Nehalem Part 3: The Cache Debate, LGA-1156 and the 32nm Futureby Anand Lal Shimpi on November 19, 2008 8:00 PM EST
- Posted in
Another Part? Oh there will be more
In an unexpected turn of events I found myself deep in conversation with many Intel engineers as well as Pat Gelsinger himself about the design choices made in Nehalem. At the same time, Intel just released its 2009 roadmap which outlined some of the lesser known details of the mainstream LGA-1156 Nehalem derivatives.
I hadn’t planned on my next Nehalem update being about caches and mainstream parts, but here we go. For further reading I'd suggest our first two Nehalem articles and the original Nehalem architecture piece.
Nehalem’s Cache: More Controversial Than You’d Think
I spoke with Ronak Singhal, Chief Architect on Nehalem, at Intel’s Core i7 launch event last week in San Francisco and I said to him: “I think you got the cache sizes wrong on Nehalem”. I must be losing my shyness.

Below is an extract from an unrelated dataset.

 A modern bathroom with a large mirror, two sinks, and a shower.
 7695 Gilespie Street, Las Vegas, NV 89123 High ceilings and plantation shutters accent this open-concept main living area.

He thought I was talking about the L3 cache and asked if I meant it needed to be bigger, and I clarified that I was talking about the anemic 256KB L2 per core.
We haven’t seen a high end Intel processor with only 256KB L2 per core since Willamette, the first Pentium 4. Since then Intel has been on a steady ramp upwards as far as cache sizes go. I made a graph of L2 cache size per core of all of the major high end Intel cores for the past decade:
For the most part we’ve got a linear trend, there are a few outliers but you can see that earlier in 2008 you’d expect Intel CPUs to have around 2 - 3MB of L2 cache per core. Now look at the lower right of the chart, see the little orange outlier? Yeah, that’s the Core i7 with its 256KB L2 cache per core, it’s like 2002 - 2007 never happened.
If we look at total on-chip cache size however (L2 + L3), the situation is very different:
Now we’ve got an exponential growth of cache size, not linear, and all of the sudden the Core i7 conforms to societal norms. To understand why, we have to look at what happened around 2005 - 2006: Intel started shipping dual-core CPUs. As core count went up, so did the total amount of cache per chip. Dual core CPUs quickly started shipping with 2MB and 4MB of cache per chip and the outgoing 45nm quad-core Penryns had 12MB of L2 cache on a single package.
The move to multi-core chip designs meant that the focus was no longer on feeding the individual core, but making sure all of the cores on the chip were taken care of. It’s all so very socialist (oh no! ;) ).
Nehalem was designed to be a quad-core product, but also one that’s able to scale up to 8 cores and down to 2 cores. Intel believes in this multi-core future so designing for dual-core didn’t make sense as eventually dual-core will go away in desktops, a future that’s still a few years away but a course we’re on nonetheless.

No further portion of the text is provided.